__REQUIRED WORK__.
Within the entries below, please retype exactly the lines starting with the line that has "Sushi Xuan - Orange" and going on through the line that has "CALVIN KLEIN Mens", but not the pictures.

__EXERCISE MATERIAL__.
═══
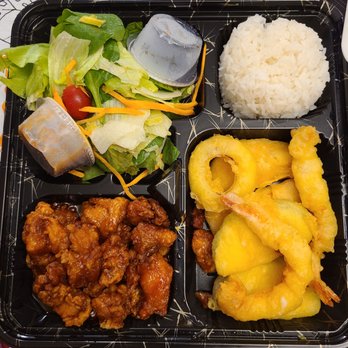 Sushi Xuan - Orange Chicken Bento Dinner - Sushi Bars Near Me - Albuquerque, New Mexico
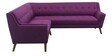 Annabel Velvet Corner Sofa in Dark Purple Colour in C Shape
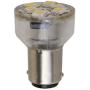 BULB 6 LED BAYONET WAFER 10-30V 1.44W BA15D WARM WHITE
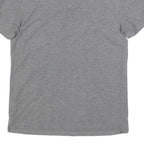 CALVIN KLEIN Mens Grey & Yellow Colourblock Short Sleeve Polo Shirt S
═══
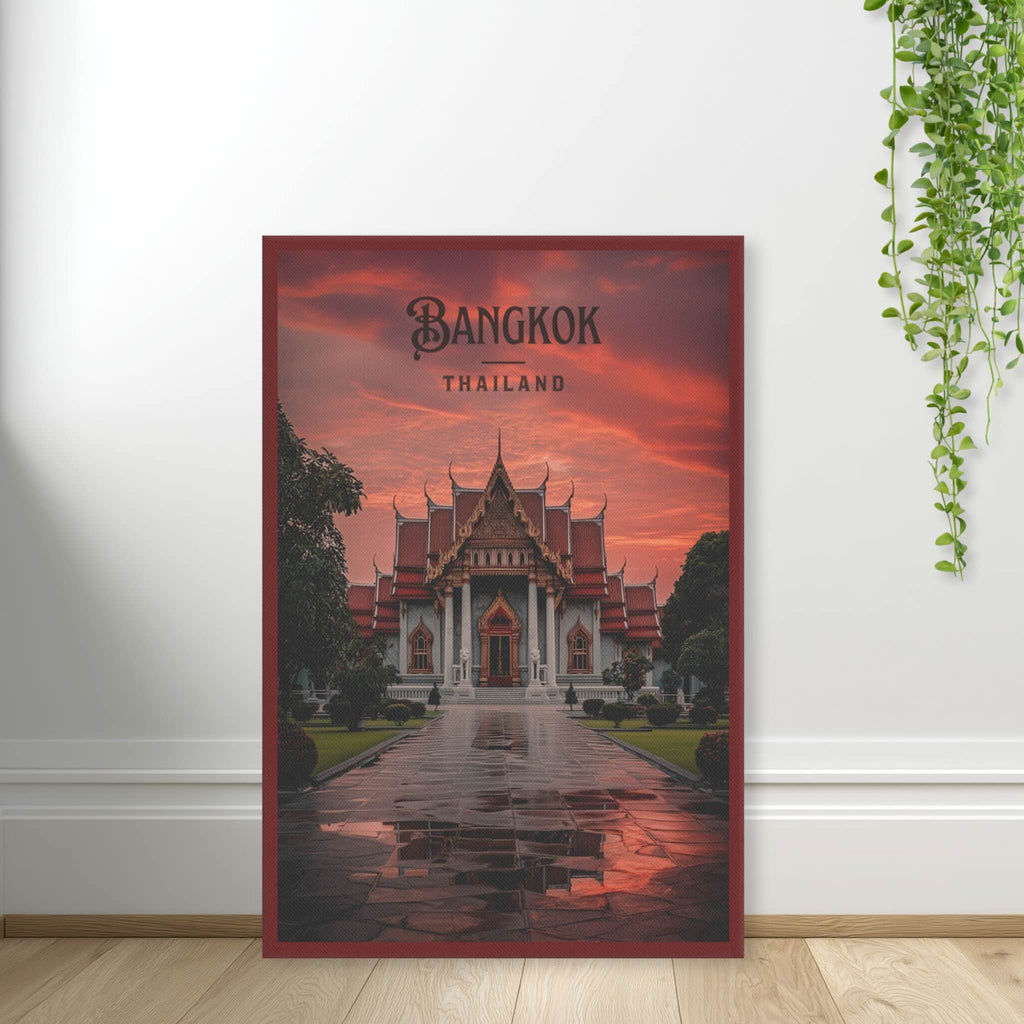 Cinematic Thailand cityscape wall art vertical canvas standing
═══
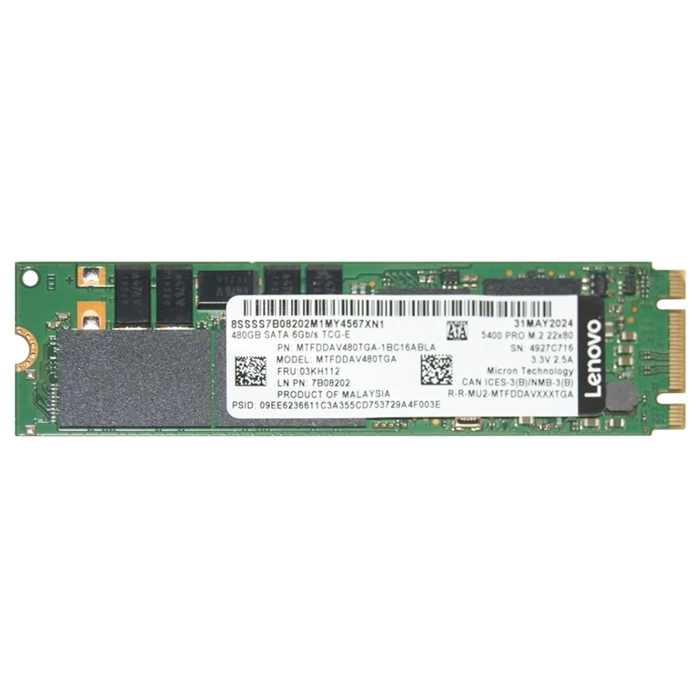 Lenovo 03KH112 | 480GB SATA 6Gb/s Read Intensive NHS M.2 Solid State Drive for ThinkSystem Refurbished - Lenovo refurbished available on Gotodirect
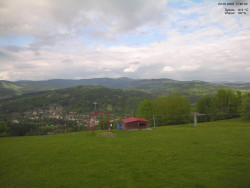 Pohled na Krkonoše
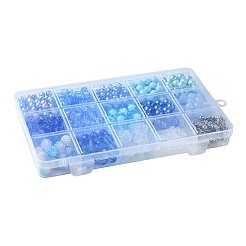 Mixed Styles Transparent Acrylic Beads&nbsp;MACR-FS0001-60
═══
__WRITTEN ANSWER__.
 Sushi Xuan - Orange Chicken Bento Dinner - Sushi Bars Near Me - Albuquerque, New Mexico
 Annabel Velvet Corner Sofa in Dark Purple Colour in C Shape
 BULB 6 LED BAYONET WAFER 10-30V 1.44W BA15D WARM WHITE
 CALVIN KLEIN Mens Grey & Yellow Colourblock Short Sleeve Polo Shirt S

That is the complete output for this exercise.